# Canada Trent River/Rice lake 2011



## mirrocraft mike

Well just about every year I post to see who maybe up North the same time I am.
My trip will be from June 29 to July 9th. I stay on the Trent River at the Terrace Lawn Cottages. Great owners ,clean cottages and very peaceful camp. Been going here MANY MANY years. If you want to check it out www.terracelawn.ca Very Nice camp to stay at.


For anyone seeking some EXCELLENT Small mouth fishing this is the place.Muskie and Pike are next in line.Speaking of Small mouths If you pull there page up and click on cottages Thats my youngest girl holding that hog smallie. This yr. she plans on adding to it and getting her own page next year....LOL

For those Big Walleyes I trailer to or take a boat trip through the locks to Rice lake.The Trent has eyes but I enjoy the ride and hitting a different place. 

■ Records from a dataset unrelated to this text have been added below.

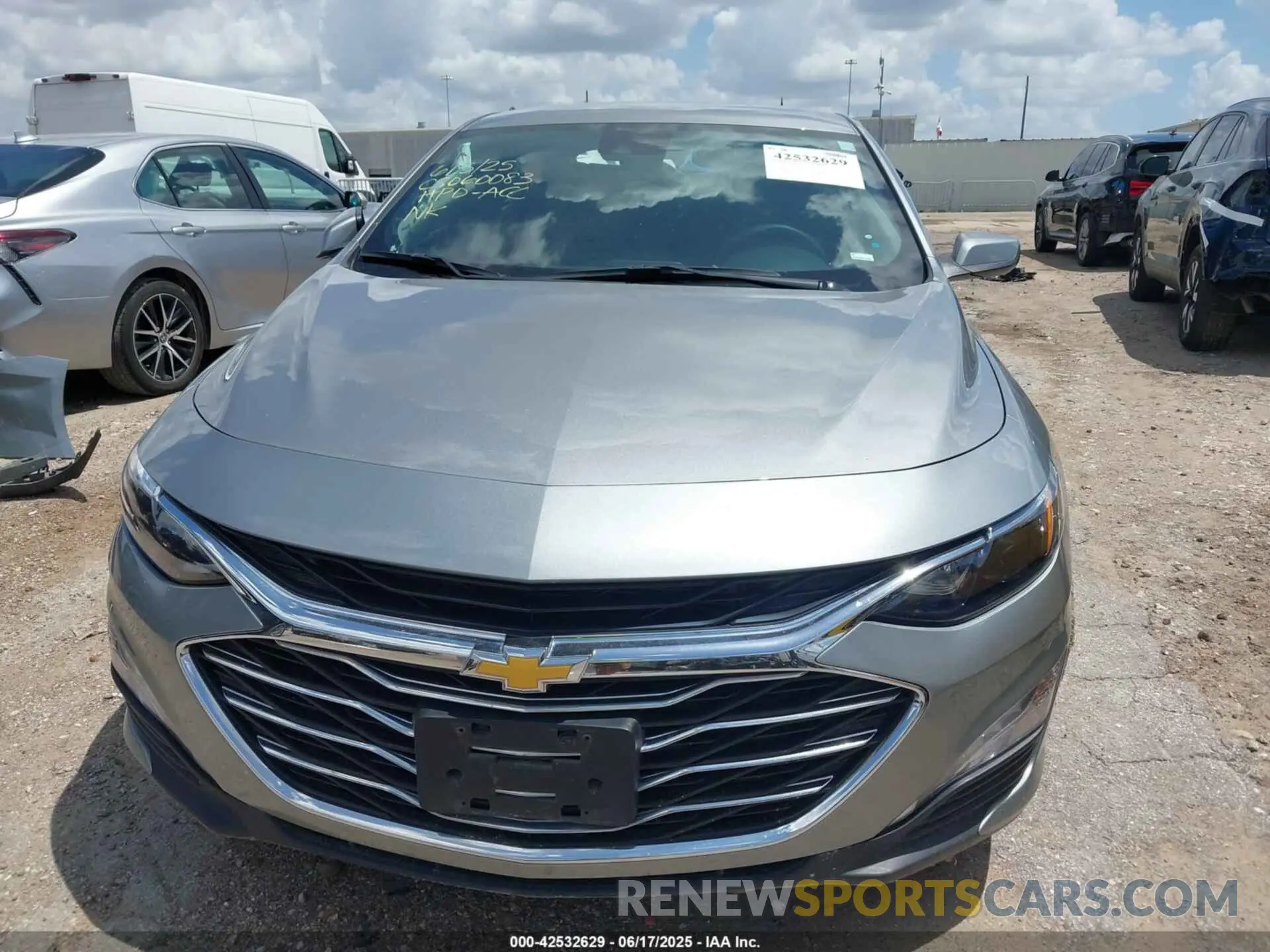 12 Photograph of a damaged car 1G1ZD5ST7PF173708 CHEVROLET MALIBU 2023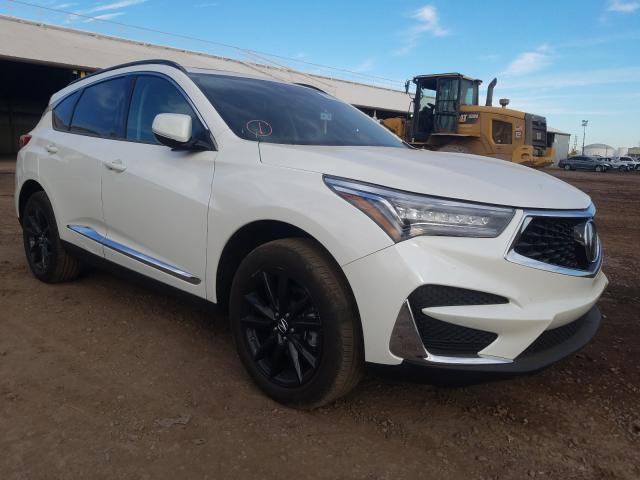 ACURA NULL 2019 5j8tc2h55kl011434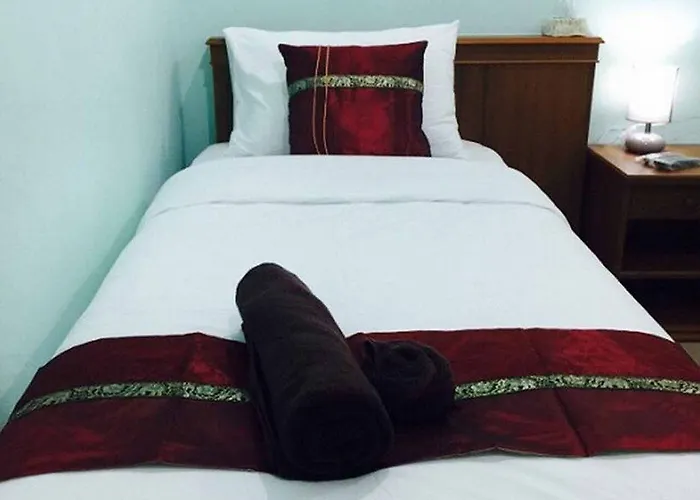 Phoom House Hotel Bangkok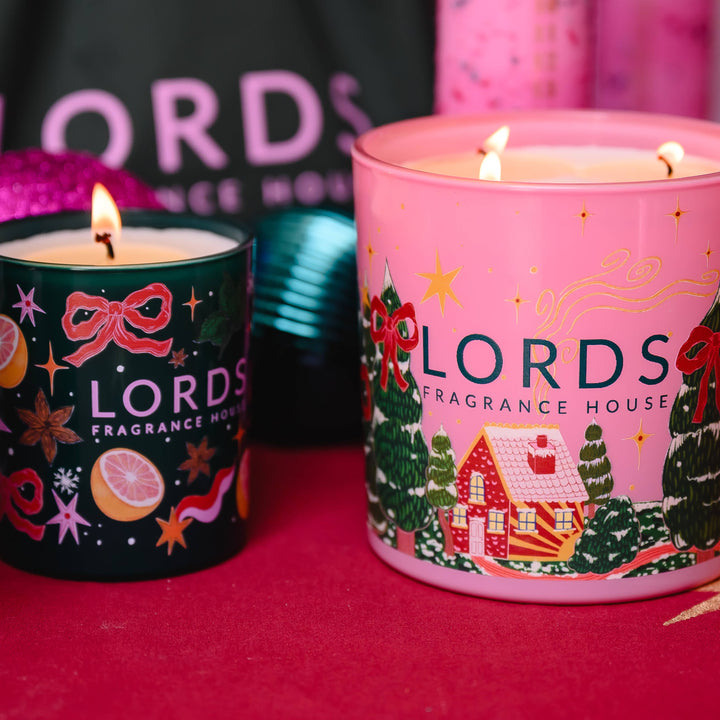 Yala Winter Gift Boxed Candle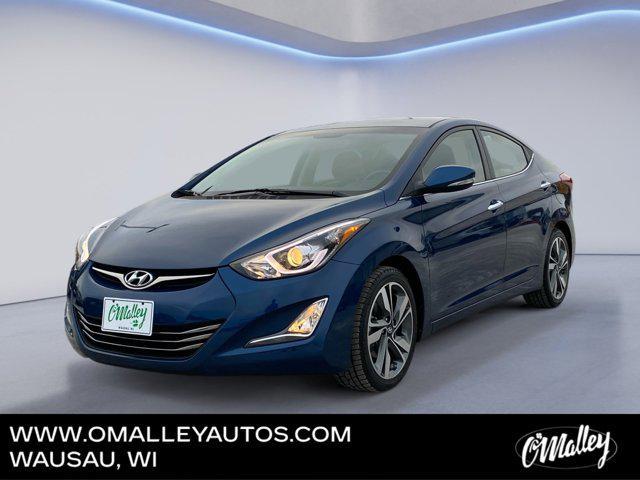 used 2016 Hyundai Elantra car, priced at $14,495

Pan fishing ..Well its Canada What can u say SLABS SLABS And more Slabs.Both places offer great pan fishing

Thanks for listening to me ramble I get a little excited when I'm down to 104 days to go...LOL... Come on Spring Time

Anyone else hitting Trent River or Rice Lake during this time ?


----------



## fished-out

I'll be there two weeks later at Rice.


----------



## mirrocraft mike

fished-out said:


> I'll be there two weeks later at Rice.


Are you close to the Trent River (Havlock,Hastings) or on the other end of the lake?


----------



## Bluegillin'

Mike,

I am actually going to be there July 3-10. I am staying at Golden Beach Resort and have rented what appears to be a nice pontoon boat. I have two young girls, 5 yrs and 9 yrs so hoping to keep the action fast and furious with the panfishing. This is my first trip there so hopefully will be an enjoyable time for all.


----------



## fished-out

mirrocraft mike said:


> Are you close to the Trent River (Havlock,Hastings) or on the other end of the lake?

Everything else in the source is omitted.